About schools and where he had found the knowledge he undoubtedly possessed he spoke very little and always superficially. He mentioned Tibetan monasteries, the Chitral, Mount Athos; Sufi schools in Persia, in Bokhara, and eastern Turkestan; he mentioned dervishes of various orders; but all of them in a very indefinite way.
During one conversation with G. in our group, which was beginning to become permanent, I asked: "Why, if ancient knowledge has been preserved and if, speaking in general, there exists a knowledge distinct from our science and philosophy or even surpassing it, is it so carefully concealed, why is it not made common property? Why are the men who possess this knowledge unwilling to let it pass into the general circulation of life for the sake of a better and more successful struggle against deceit, evil, and ignorance?"
This is, I think, a question which usually arises in everyone's mind on first acquaintance with the ideas of esotericism.
"There are two answers to that," said G. "In the first place, this knowledge is not concealed; and in the second place, it cannot, from its very nature, become common property. We will consider the second of these statements first. I will prove to you afterwards that knowledge" (he emphasized the word) "is far more accessible to those capable of assimilating it than is usually supposed; and that the whole trouble is that people either do not want it or cannot receive it.

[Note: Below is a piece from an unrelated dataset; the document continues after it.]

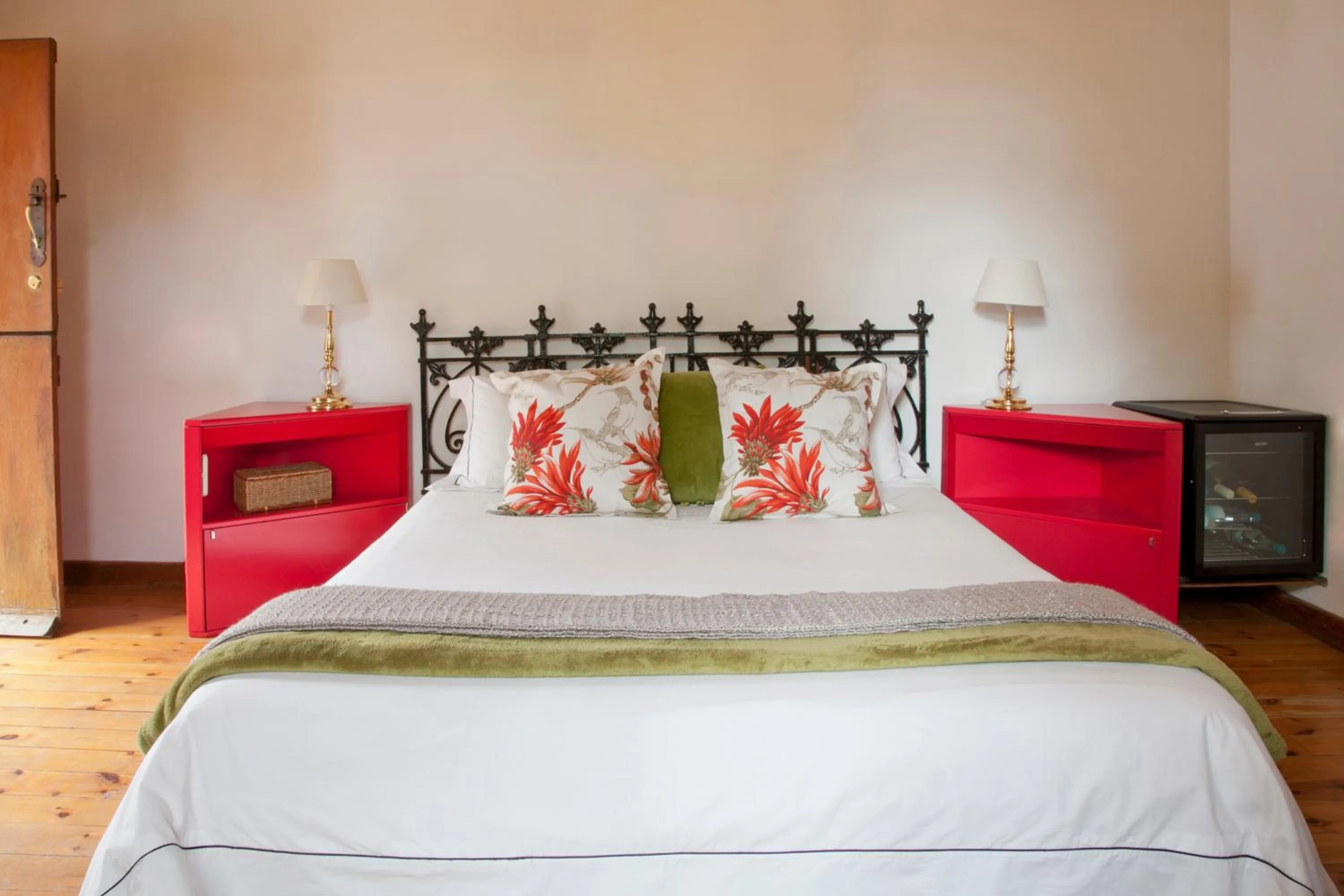 Photo of the whole room, Bed in Oude Wellington Estate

"But first of all another thing must be understood, namely, that knowledge cannot belong to all, cannot even belong to many. Such is the law. You do not understand this because you do not understand that knowledge, like everything else in the world, is material. It is material, and this means that it possesses all the characteristics of materiality. One of the first characteristics of materiality is that matter is always limited, that is to say, the quantity of matter in a given place and under given conditions is limited. Even the sand of the desert and the water of the sea is a definite and unchangeable quantity. So that, if knowledge is material, then it means that there is a definite quantity of it in a given place at a given time. It may be said that, in the course of a certain period of time, say a century, humanity has a definite amount of knowledge at its disposal. But we know, even from an ordinary observation of life, that the matter of knowledge possesses entirely different qualities according to whether it is taken in small or large quantities. Taken in a large quantity in a given place, that is by one man, let us say, or by a small group of men, it produces very good results; taken in a small quantity (that is, by every one of a large number of people), it gives no results at all; or it may give even negative results, contrary to those expected. Thus if a certain definite quantity of knowledge is distributed among millions of people, each individual will receive very little, and this small amount of knowledge will change nothing either in his life or in his understanding of things. And however large the number of people who receive this small amount of knowledge, it will change nothing in their lives, except, perhaps, to make them still more difficult.